I confess this is my modeling pet peeve. If you’ve worked with me in the past, you have probably suffered my strong complaints if I ever saw an arrow in an association end.
An arrow signals that the association is navigable in that specific direction. Let’s see an example. In the following figure, we’re saying that Employee and Department are related via an association and that this association is navigable in the Employee-to-Department direction and not in the Department-to-Employee one. An association with neither end marked by navigability arrows means that the association is navigable in both directions.
The definition of Navigability in the UML standard is expressed as:
Navigability means that instances participating in links at runtime (instances of an Association) can be accessed efficiently from instances at the other ends of the Association. The precise mechanism by which such efficient access is achieved is implementation specific. If an end is not navigable, access from the other ends may or may not be possible, and if it is, it might not be efficient – UML standard
Note the emphasis on navigability as a technical detail. And this is exactly why I claim that domain models / conceptual schemas (i.e. models that aim to represent the general knowledge the system needs to know) should NOT include any navigability information. Navigability is a not conceptual primitive but a design one used to express a design decision (in this case, how the access from employee objects to department objects, and vice-versa, will be implemented).

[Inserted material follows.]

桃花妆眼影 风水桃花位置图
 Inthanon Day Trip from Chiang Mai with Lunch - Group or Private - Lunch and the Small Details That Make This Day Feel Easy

As Antoni Olivé (the king of conceptual modeling 🙂 ) puts it: Conceptually, relationship types (i.e. associations) are navigable in all directions. It’s a different discussion whether later, for efficiency reasons, you decide to only implement one navigability direction depending on a number of factors, such as the underlying storage technology, most frequent queries to the system, number of objects of each type,…At that point, yes, please, add all the arrows you want. Just not before. Or at least don’t show them to me!